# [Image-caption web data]
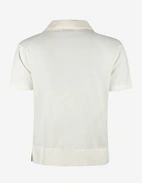 Open Polo Piquet Benvit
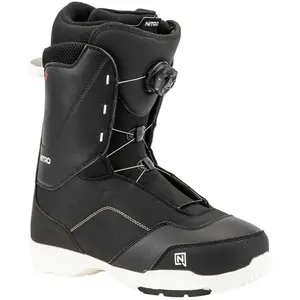 Nitro Chaussures De Snowboard Tangent Boa pas cher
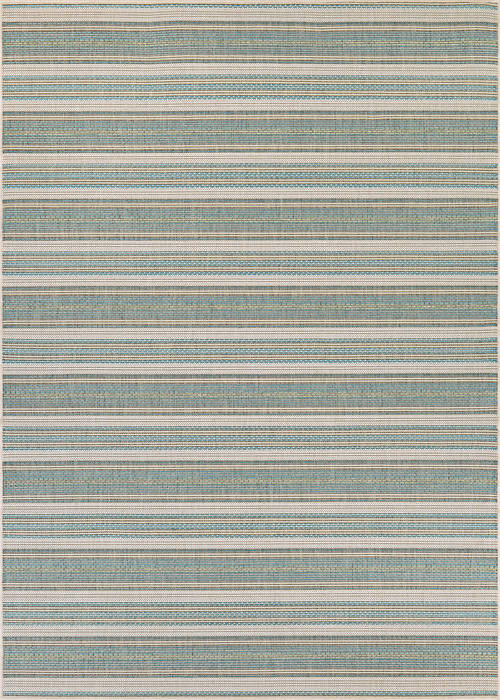 Couristan MONACO Green Runner 23 X 119 Area Rug 60413107023119U 807-127236 Image 0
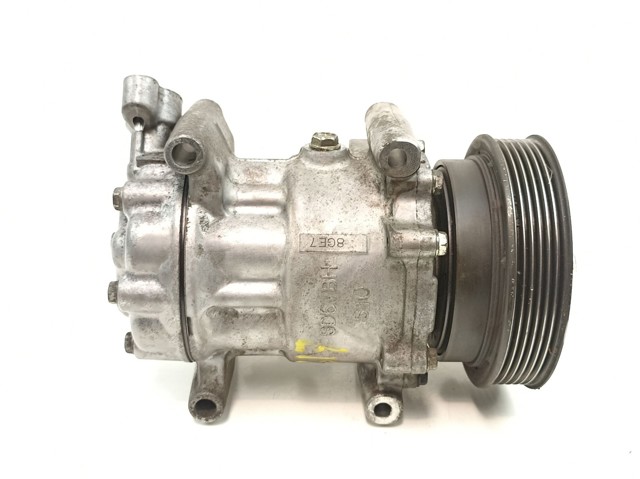 RENAULT 8200365787 Compresor de aire acondicionado  en stock Valencia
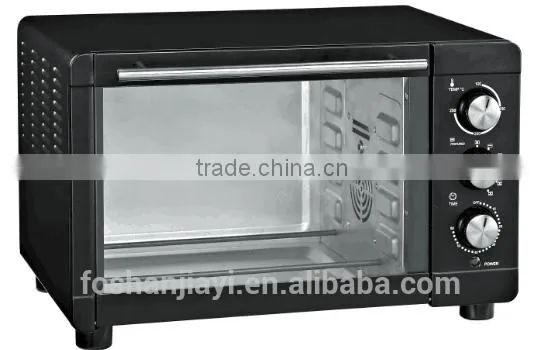 CE CB Approved 35L Electric Oven High Quality Toaster Oven New Hot Pizza Oven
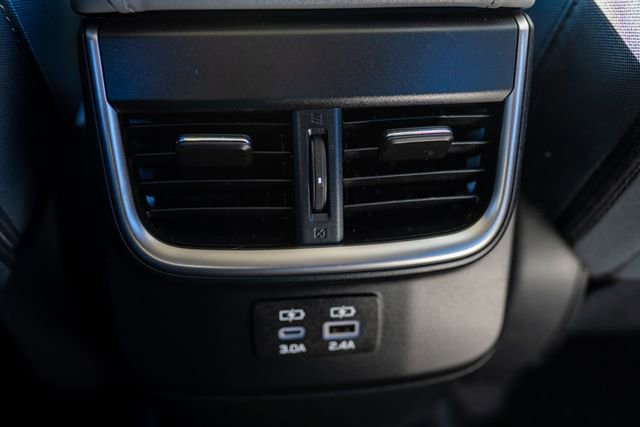 Certified 2025 Subaru Outback Premium AWD/4WD image 18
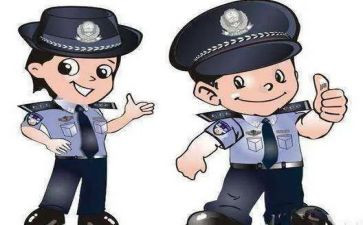 2023优秀辅警事迹7篇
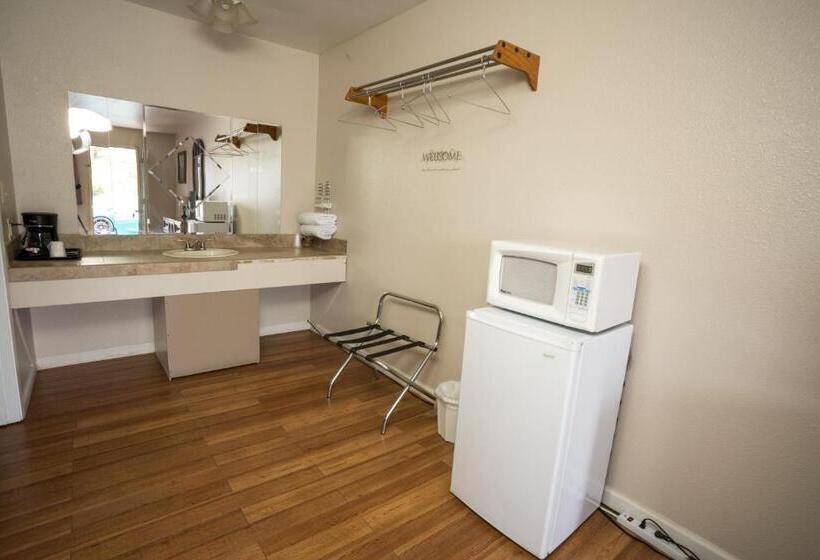 스탠다드 룸, Neu Lodge Motel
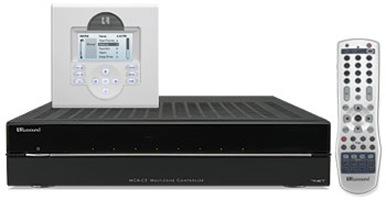 Whole House Audio System RUSSOUND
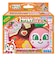 アンパンマン　おべんとうパズル　ドキンちゃんのハンバーグ弁当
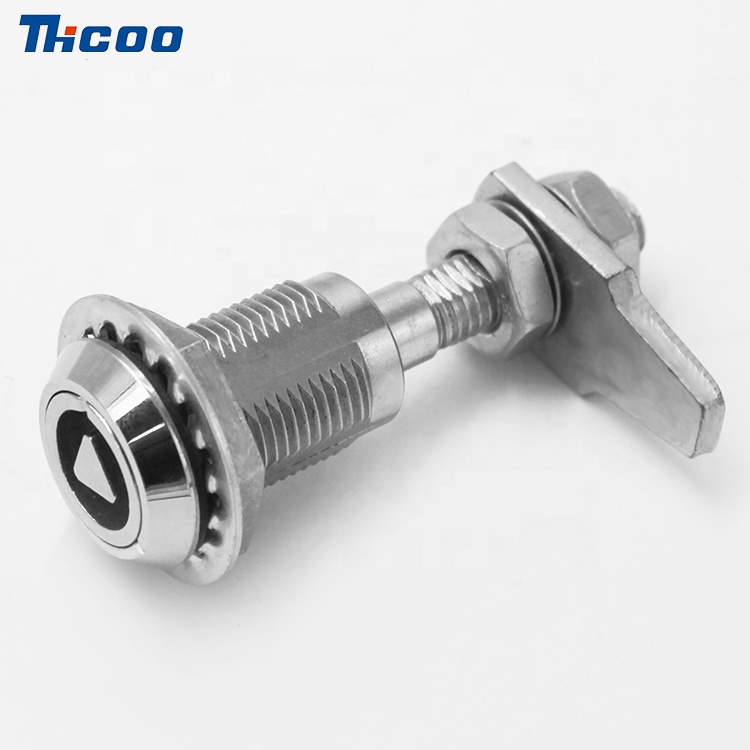 Szerszámtípus Compression Lock-A6082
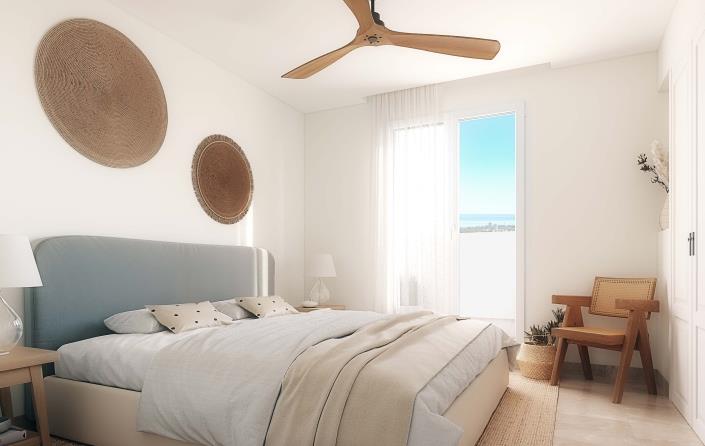 Image No.4-Appartement de 2 chambres à vendre à Marbella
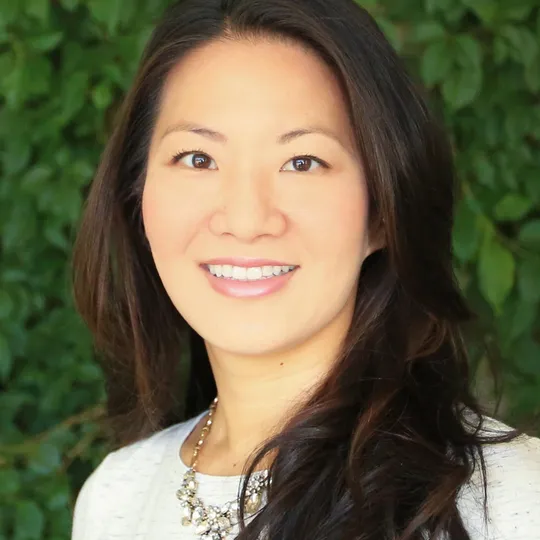 Bonny Hsu, Agent in  - Compass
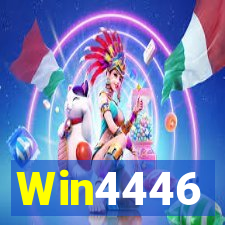 Win4446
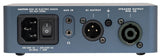 DarkGlass Alpha Omega 200 Bass Guitar Amplifier Head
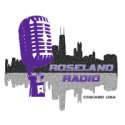 Roseland Radio Chicago logo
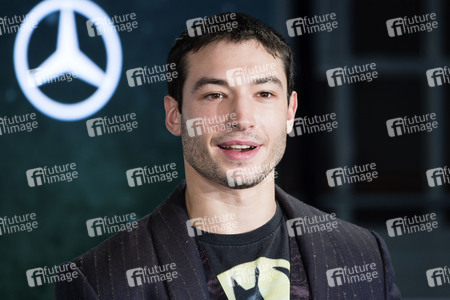 Photocall 'Justice League' in London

# [Exercise requirements]
A word-for-word copy of the lines from the one containing "Whole House Audio System RUSSOUND" through the last line of the records is what is wanted, without pictures and without any other line.

# [Task solution]
 Whole House Audio System RUSSOUND
 アンパンマン　おべんとうパズル　ドキンちゃんのハンバーグ弁当
 Szerszámtípus Compression Lock-A6082
 Image No.4-Appartement de 2 chambres à vendre à Marbella
 Bonny Hsu, Agent in  - Compass
 Win4446
 DarkGlass Alpha Omega 200 Bass Guitar Amplifier Head
 Roseland Radio Chicago logo
 Photocall 'Justice League' in London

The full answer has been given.